To the best of our knowledge, we report here for the first time MIPs incorporating a fluorescent reporter whose response is directly modulated by (zwitter)ionic GPS and can therefore be used for the direct detection of GPS in organic solvents and in water without the need for prior derivatization of the molecule.

Materials and methods

Materials

All organic solvents were purchased from Sigma Aldrich, Acros Organics, abcr, Merck or J.T. Baker and were used without further purification unless otherwise indicated. 2-Isocyanatoethyl methacrylate, analytical grade GPS, analytical grade 3,6-dichloro-2-methoxybenzoic acid (dicamba), 2,4-dichlorophenoxyacetic acid (2,4-D), 3-(methylphosphinico)propionic acid (MPPA), 1 M TBA-OH solution in methanol, 10% THA-OH solution in methanol, tetraethyl orthosilicate (TEOS), 32% ammonia solution in water, (3-aminopropyl)triethoxysilane (APTES), methacrylamide (MAAm), ethylene glycol dimethacrylate (EGDMA), 2,3-diaminophenazine and aluminum oxide type 5016A basic (particle size 50–200 µm) were obtained from Sigma Aldrich/Merck. Triethylamine (TEA) and 37% hydrochloric acid were obtained from AppliChem. 4-Cyano-4-(phenylcarbonothioylthio)pentanoic acid (CPDB) was purchased from abcr. 2,6-Di-tert-butyl-4-methylphenol (BHT) and ethyl chloroformate (ECF) were purchased from Fluka. 2,2′-Azobis(2,4-dimethylvaleronitril) (ABDV) initiator was purchased from Wako Chemicals. Methylphosphonic acid (MPA) was obtained from Alfa Aesar. Milli-Q water was obtained from a Milli-Q ultrapure water purification system (Millipore Synthesis A10).

Template preparation

GPS, MPA and MPPA were dissolved in 500 µL of Milli-Q water in a 2-mL Eppendorf tube with 10 min of sonication. 2,4-D and dicamba were dissolved in 500 µL of acetonitrile in a 2-mL Eppendorf tube with 10 min of sonication. To this, an equimolar amount of 1 M TBA-OH solution in methanol or 10% THA-OH solution in methanol was added. The mixtures were sonicated for another 10 min, then placed in a vacuum concentrator and dried overnight to give the corresponding templates.

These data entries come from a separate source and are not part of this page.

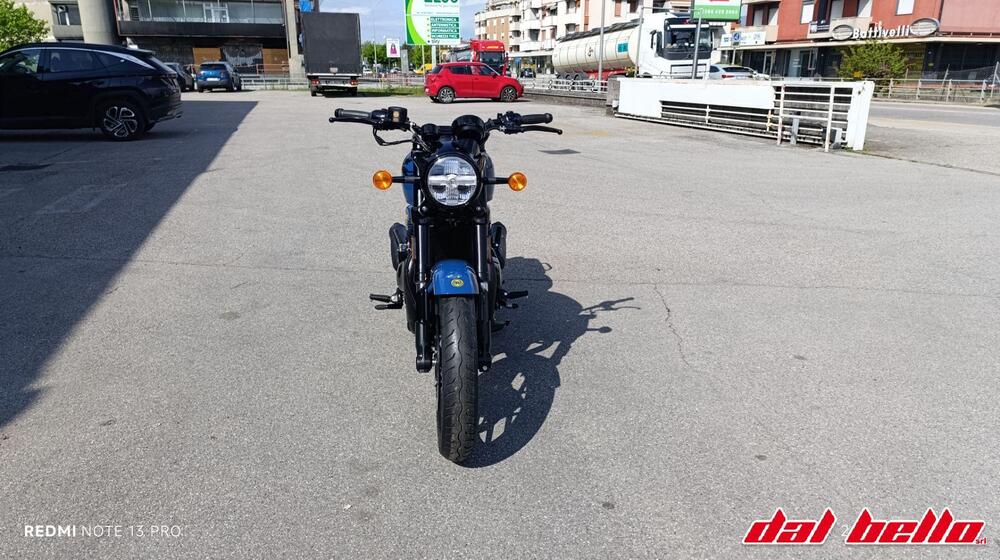 Royal Enfield Shotgun 650 (2024 - 26) (2)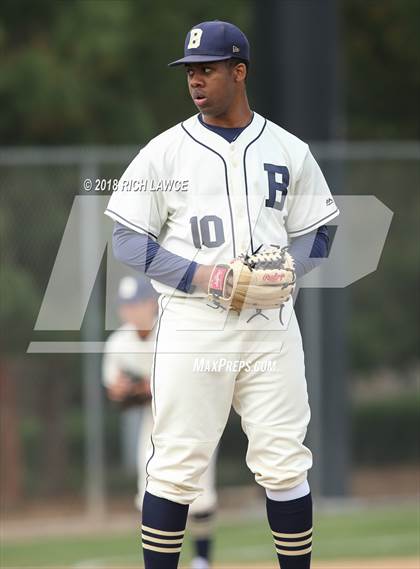 Thumbnail 3 in IMG Academy @ St. John Bosco (National Classic) photogallery.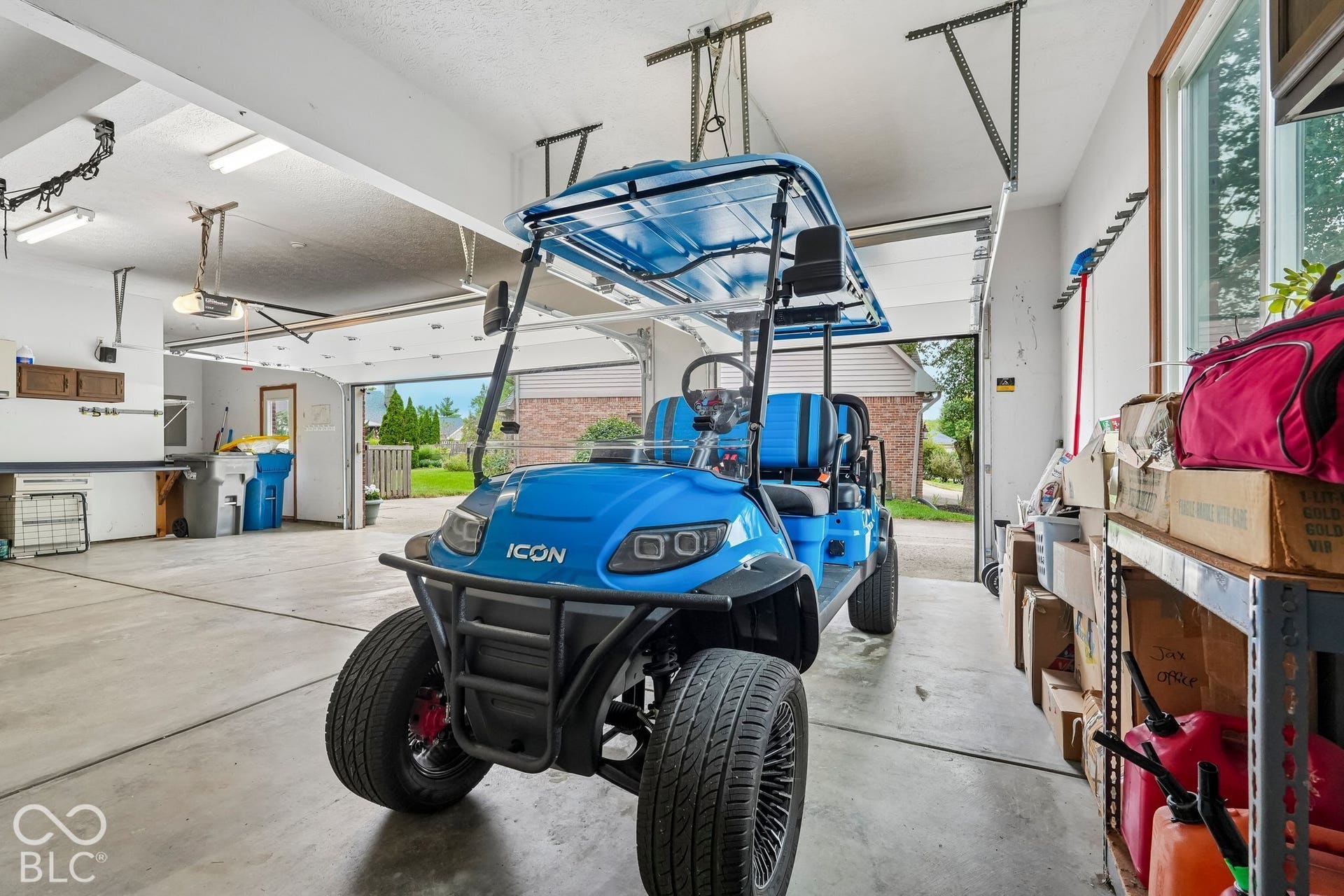 9119 Bay Port Circle, Indianapolis, IN 46236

Synthesis of fluorescent crosslinker I

Fluorescent crosslinker I, (((phenazine-2,3-diylbis(azanediyl))bis(carbonyl)) bis(azanediyl))-bis(ethane-2,1-diyl) bis(2-methylacrylate) was synthesized as previously reported with some modifications²⁶. Under an argon atmosphere 1 g of 2,3-diaminophenazine (4.3 mmol) and 0.0095 g of BHT (0.4 mmol) were added into a 100 mL round-bottom flask, which was previously dried under vacuum with a heat gun. 35 mL of anhydrous THF was added via a syringe resulting in an orange solution. Thereafter, 1.24 mL of 2-isocyanatoethyl methacrylate (8.6 mmol) was added under stirring under argon and the reaction mixture was heated at 60 °C for 2 h. An additional 1.24 mL of 2-isocyanatoethyl methacrylate (8.6 mmol) was introduced with stirring under argon and the reaction mixture was heated at 60 °C for another 20 h. The reaction was cooled to room temperature and the solvent was evaporated under reduced pressure. Thereafter, the reaction mixture was purified by silica gel column chromatography using dichloromethane/methanol (90:1 → 10:1 v/v) as eluent. A yellow solid was obtained with 11% yield (0.25 g). ¹H NMR (400 MHz, DMSO-d₆): δ = 8.48 (s, 2H), 8.40 (s, 2H), 8.13 (ddd, J = 12.7, 3.9, 1.3 Hz, 2H), 7.82 (ddd, J = 12.8, 3.7, 1.0 Hz, 2H), 7.01 (t, J = 5.7 Hz, 2H), 6.11 (dq, J = 1.7, 1.0 Hz, 2H), 5.71 (quintet, J = 1.6, 1.6 Hz, 2H), 4.21 (t, J = 5.6 Hz, 4H), 3.49 (q, J = 5.6, 5.5 Hz, 4H), 1.92 (dd, J = 1.5, 1.0 Hz, 6H) ppm. ¹³C NMR (400 MHz, DMSO-D6): δ = 166.6, 155.4, 142.1, 141.1, 136.4, 135.8, 129.5, 128.9, 126.0, 116.7, 63.8, 38.5, 18.0 ppm. UPLCMS-TOF (ESI-) m/z calculated for [M-H]⁻ 519.1992, found 519.1913.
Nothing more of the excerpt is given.